:: Activity ::
The task calls for every entry to be printed word for word, without the images.

:: Data records ::
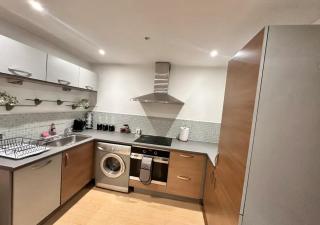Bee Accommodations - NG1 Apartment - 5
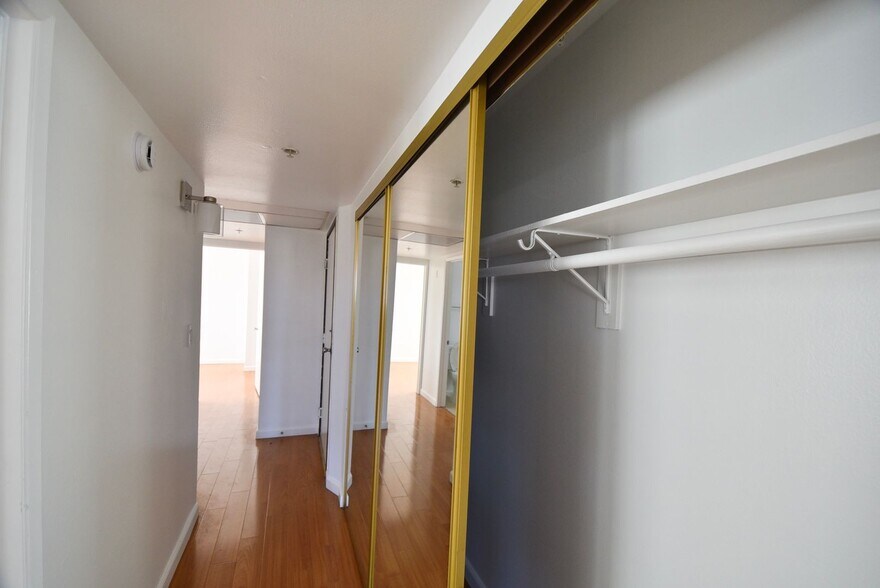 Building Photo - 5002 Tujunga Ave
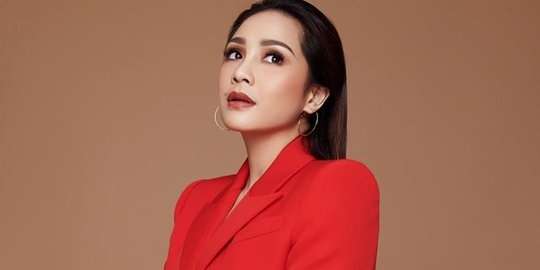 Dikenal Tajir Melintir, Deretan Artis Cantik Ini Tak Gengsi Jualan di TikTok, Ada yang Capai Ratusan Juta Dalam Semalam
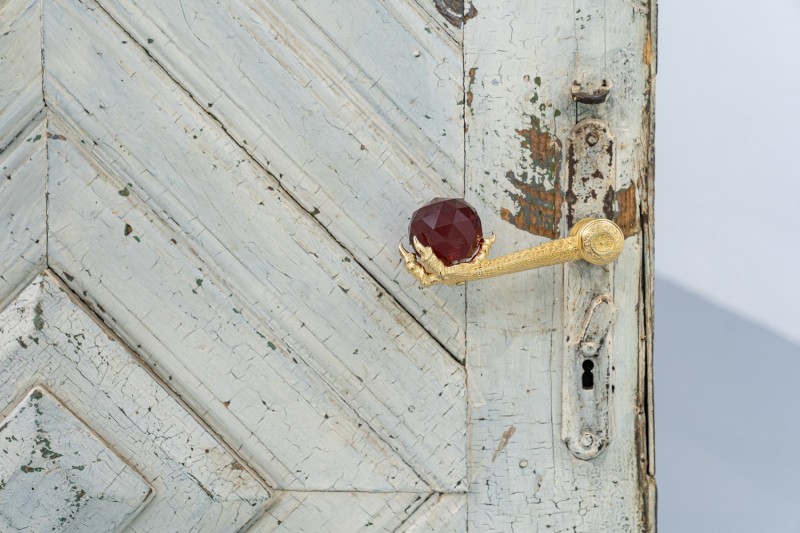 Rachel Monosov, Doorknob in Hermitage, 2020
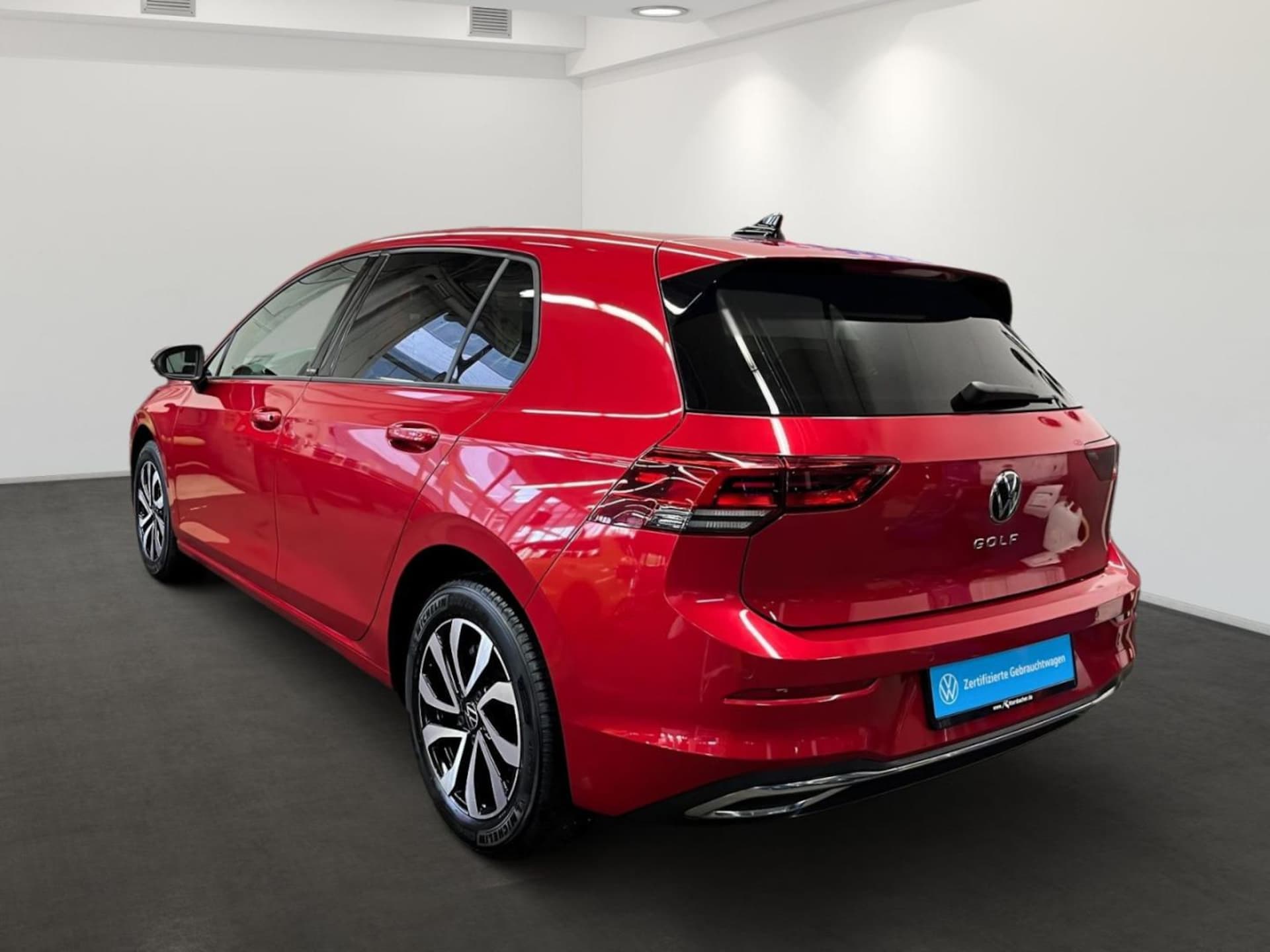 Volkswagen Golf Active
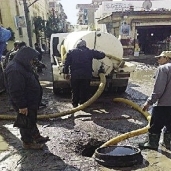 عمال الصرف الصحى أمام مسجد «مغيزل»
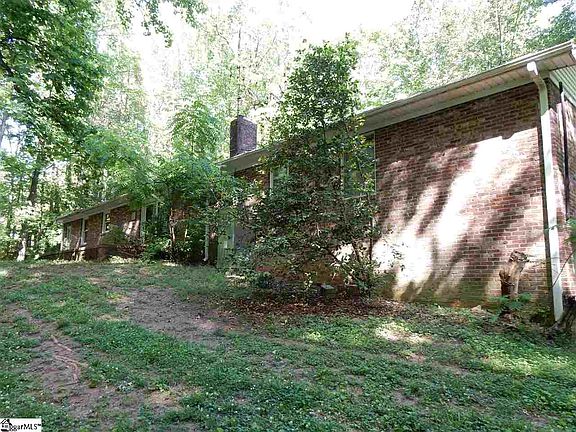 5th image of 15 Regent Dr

:: Exercise response ::
Bee Accommodations - NG1 Apartment - 5
 Building Photo - 5002 Tujunga Ave
 Dikenal Tajir Melintir, Deretan Artis Cantik Ini Tak Gengsi Jualan di TikTok, Ada yang Capai Ratusan Juta Dalam Semalam
 Rachel Monosov, Doorknob in Hermitage, 2020
 Volkswagen Golf Active
 عمال الصرف الصحى أمام مسجد «مغيزل»
 5th image of 15 Regent Dr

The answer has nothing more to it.